EXERCISE REQUIREMENTS = Give the listing again exactly, omitting its images.

DATA SECTION =
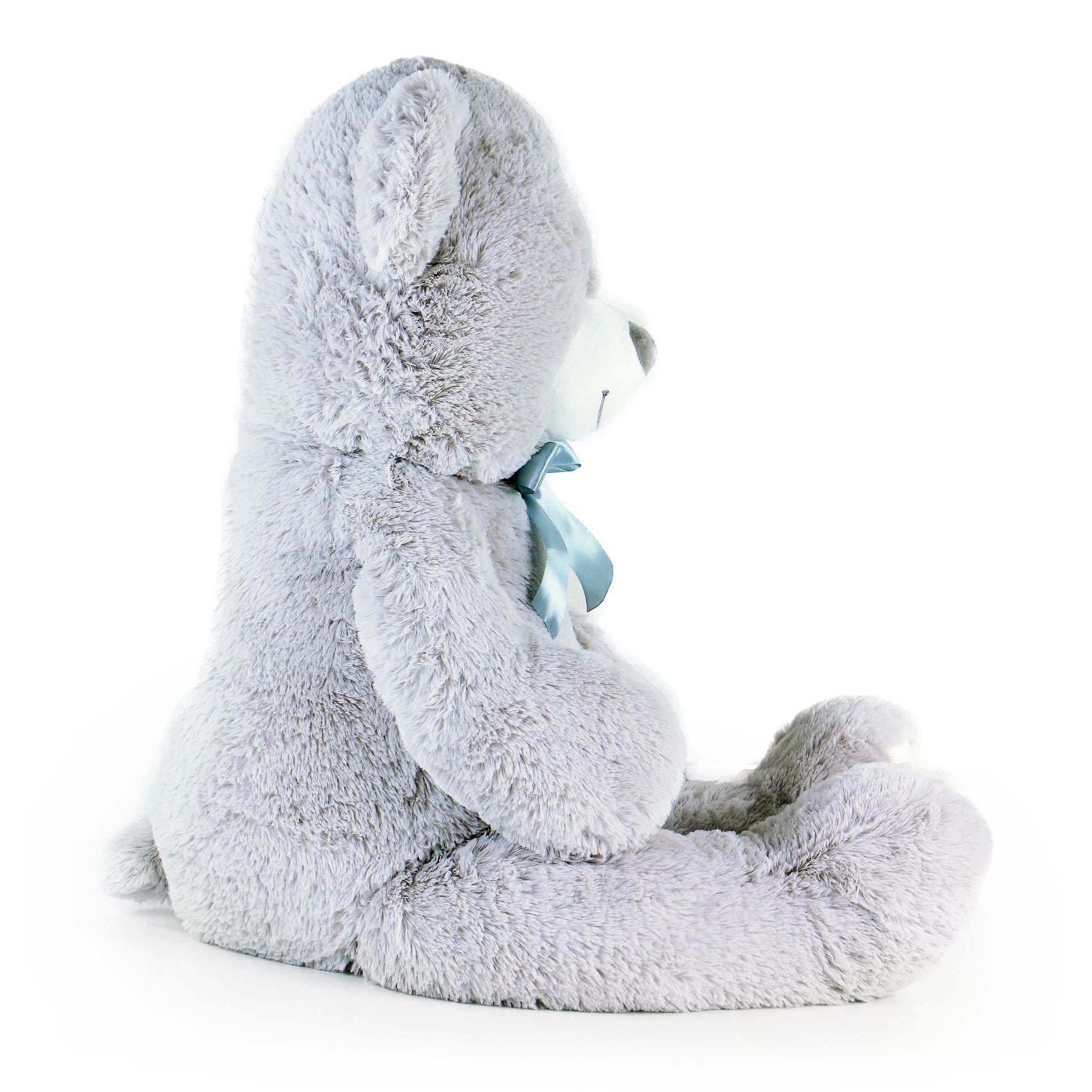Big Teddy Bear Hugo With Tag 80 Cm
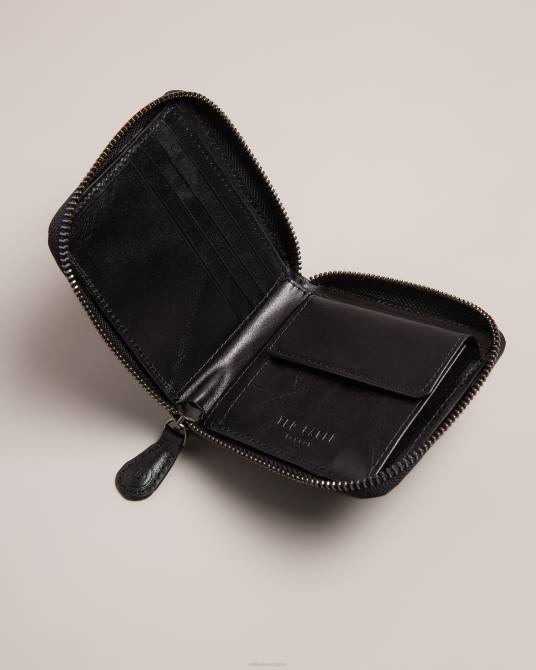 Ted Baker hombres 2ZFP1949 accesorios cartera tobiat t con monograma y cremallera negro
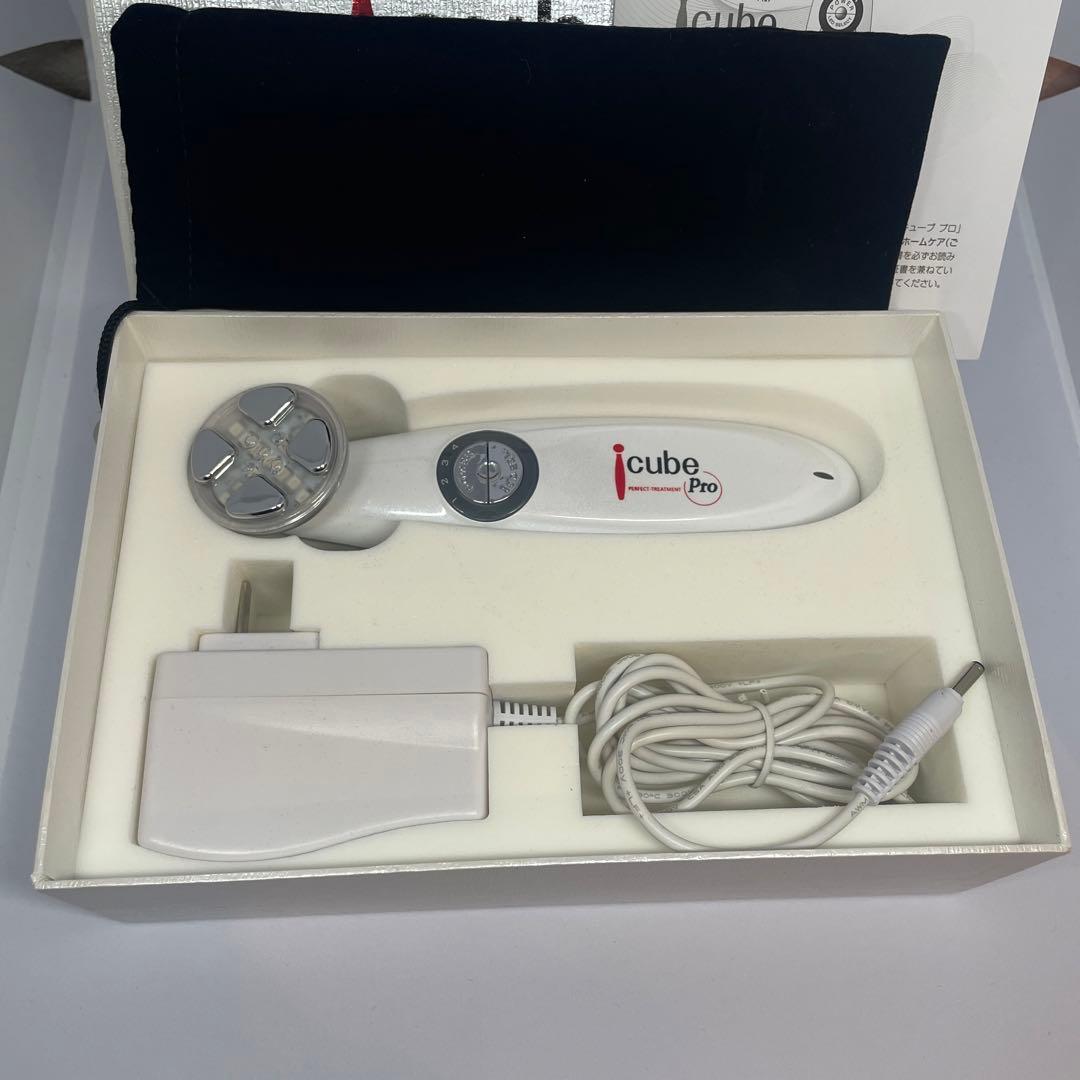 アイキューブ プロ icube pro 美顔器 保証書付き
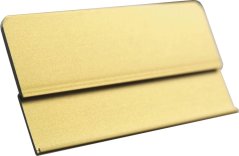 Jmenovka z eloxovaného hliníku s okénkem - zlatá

ANSWER TO THE EXERCISE =
Big Teddy Bear Hugo With Tag 80 Cm
 Ted Baker hombres 2ZFP1949 accesorios cartera tobiat t con monograma y cremallera negro
 アイキューブ プロ icube pro 美顔器 保証書付き
 Jmenovka z eloxovaného hliníku s okénkem - zlatá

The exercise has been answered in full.